What is needed: Within the records below, find the line with "Hi friends, today" and the line with "Inspect the accessories", then reproduce exactly those two lines and all lines between them, without any picture.

Material for this task:
>>>
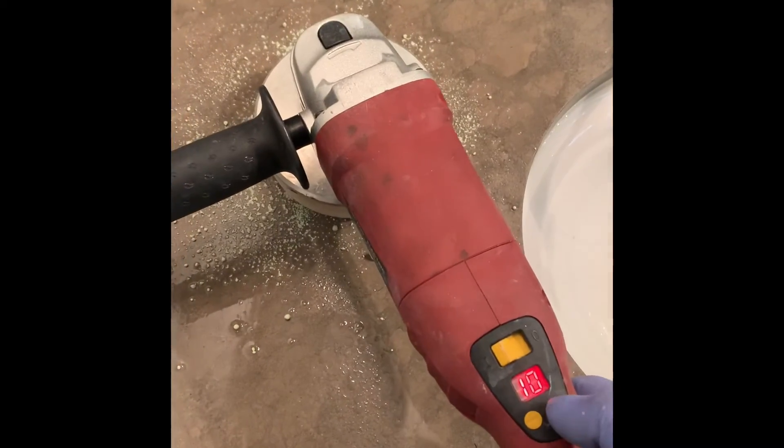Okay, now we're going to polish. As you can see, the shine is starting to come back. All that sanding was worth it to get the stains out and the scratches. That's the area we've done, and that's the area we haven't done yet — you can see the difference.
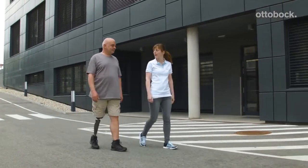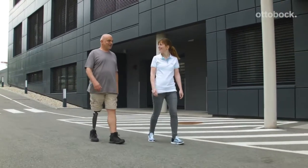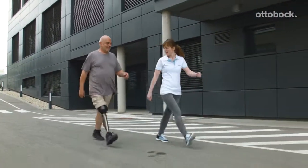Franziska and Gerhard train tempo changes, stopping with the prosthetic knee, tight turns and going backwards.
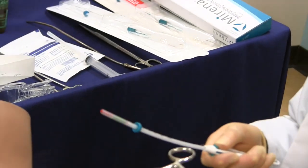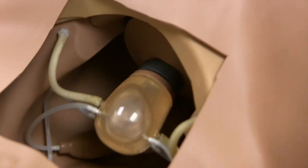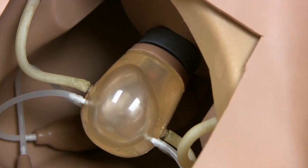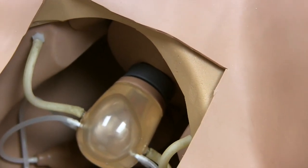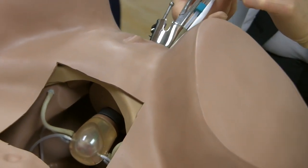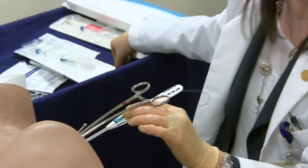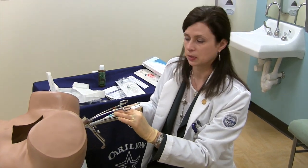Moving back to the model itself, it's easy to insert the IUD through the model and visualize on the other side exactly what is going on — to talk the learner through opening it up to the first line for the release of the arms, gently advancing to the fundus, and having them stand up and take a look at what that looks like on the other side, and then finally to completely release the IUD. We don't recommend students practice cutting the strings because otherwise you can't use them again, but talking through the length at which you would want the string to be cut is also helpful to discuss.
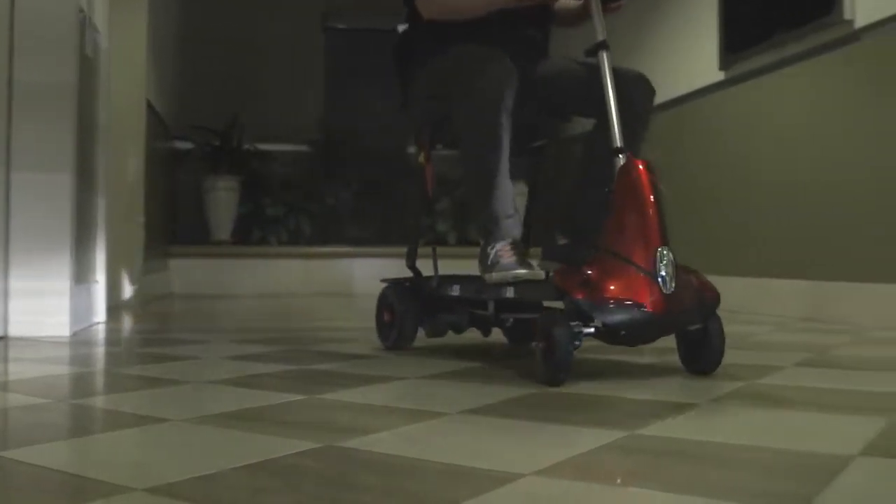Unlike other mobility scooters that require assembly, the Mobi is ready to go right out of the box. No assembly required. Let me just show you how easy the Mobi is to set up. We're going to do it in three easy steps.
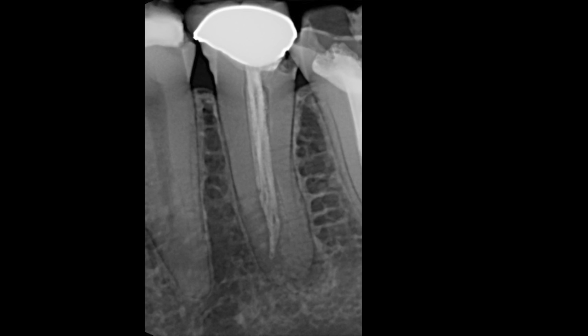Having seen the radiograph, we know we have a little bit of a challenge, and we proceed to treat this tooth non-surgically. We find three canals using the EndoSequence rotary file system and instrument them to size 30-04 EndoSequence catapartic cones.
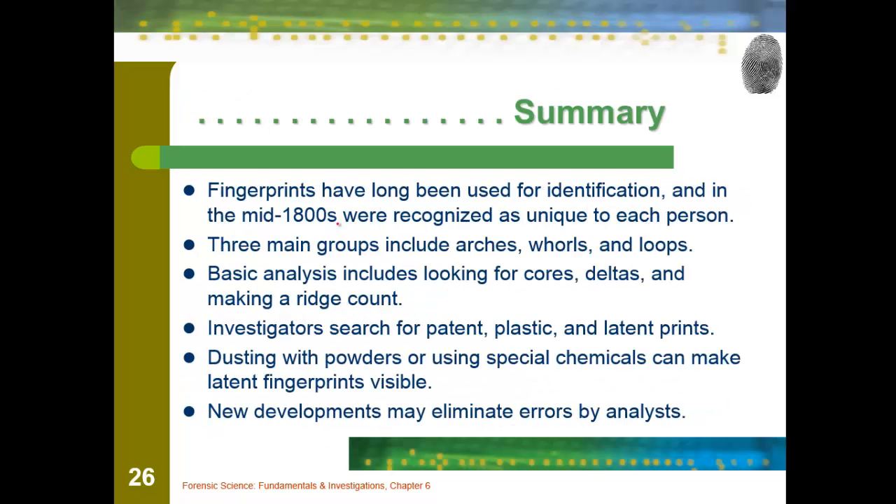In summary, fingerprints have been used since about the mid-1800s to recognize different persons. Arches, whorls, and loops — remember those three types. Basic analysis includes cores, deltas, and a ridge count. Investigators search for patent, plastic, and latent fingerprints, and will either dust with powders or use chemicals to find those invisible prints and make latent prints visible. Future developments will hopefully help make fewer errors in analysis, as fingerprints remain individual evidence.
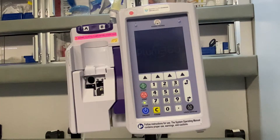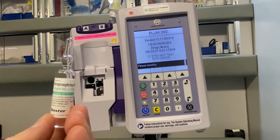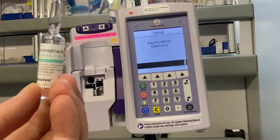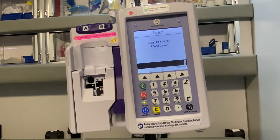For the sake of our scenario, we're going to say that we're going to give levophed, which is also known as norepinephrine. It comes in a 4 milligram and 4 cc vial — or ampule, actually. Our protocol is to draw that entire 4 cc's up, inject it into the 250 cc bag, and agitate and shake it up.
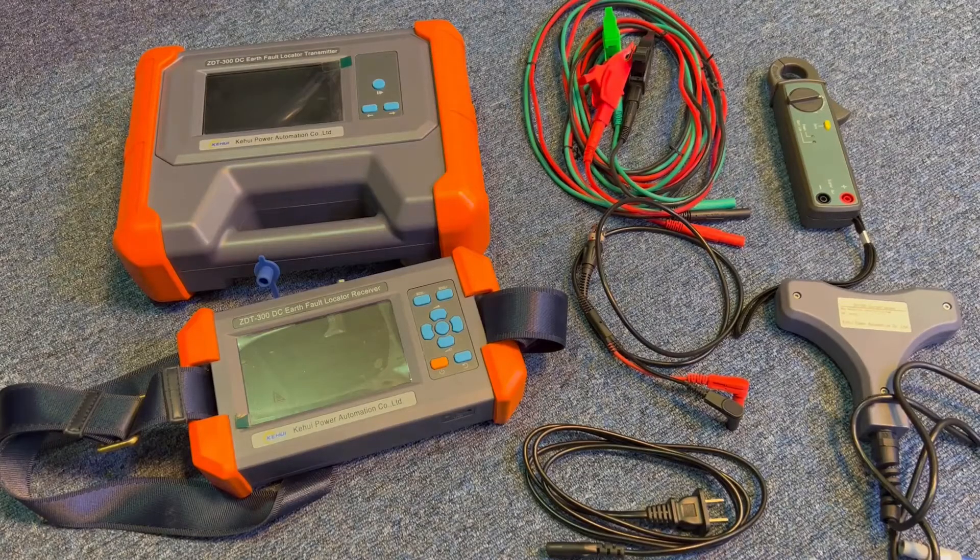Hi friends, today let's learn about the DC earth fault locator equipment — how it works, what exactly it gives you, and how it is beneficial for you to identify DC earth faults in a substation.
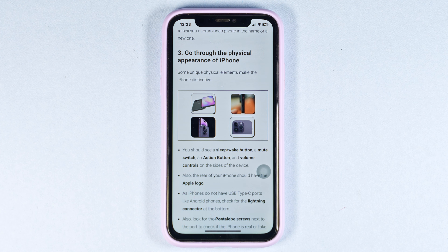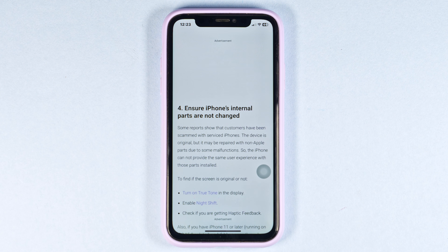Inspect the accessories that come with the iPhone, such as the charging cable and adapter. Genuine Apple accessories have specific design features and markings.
<<<
>>>
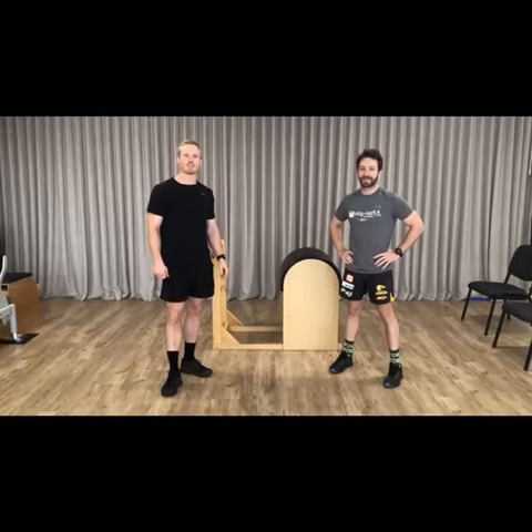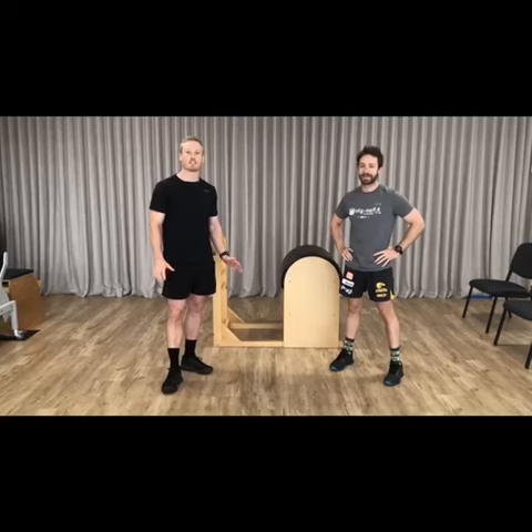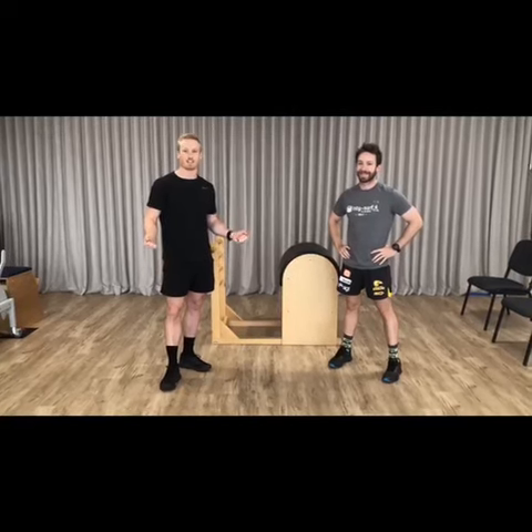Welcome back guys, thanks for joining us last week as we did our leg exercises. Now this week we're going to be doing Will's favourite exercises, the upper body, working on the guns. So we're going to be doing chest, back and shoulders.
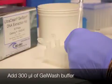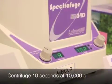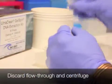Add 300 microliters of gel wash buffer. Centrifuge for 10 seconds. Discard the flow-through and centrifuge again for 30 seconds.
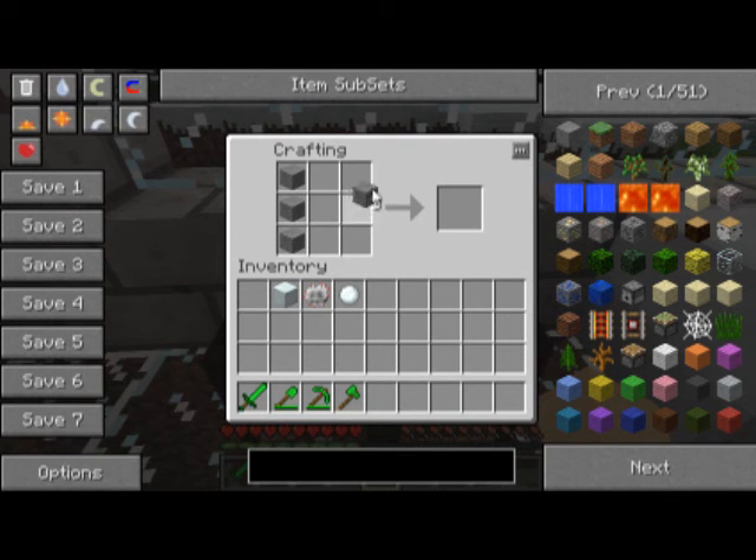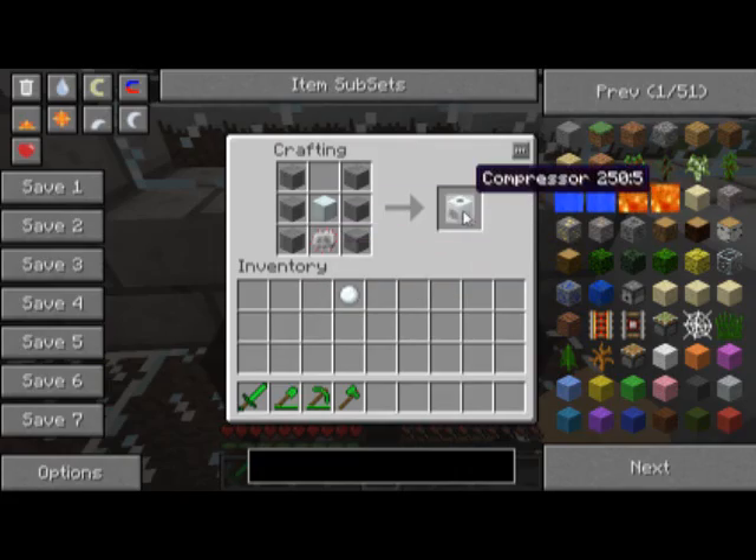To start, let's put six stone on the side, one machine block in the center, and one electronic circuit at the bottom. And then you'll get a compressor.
<<<
Your solution:
Hi friends, today let's learn about the DC earth fault locator equipment — how it works, what exactly it gives you, and how it is beneficial for you to identify DC earth faults in a substation.
Inspect the accessories that come with the iPhone, such as the charging cable and adapter. Genuine Apple accessories have specific design features and markings.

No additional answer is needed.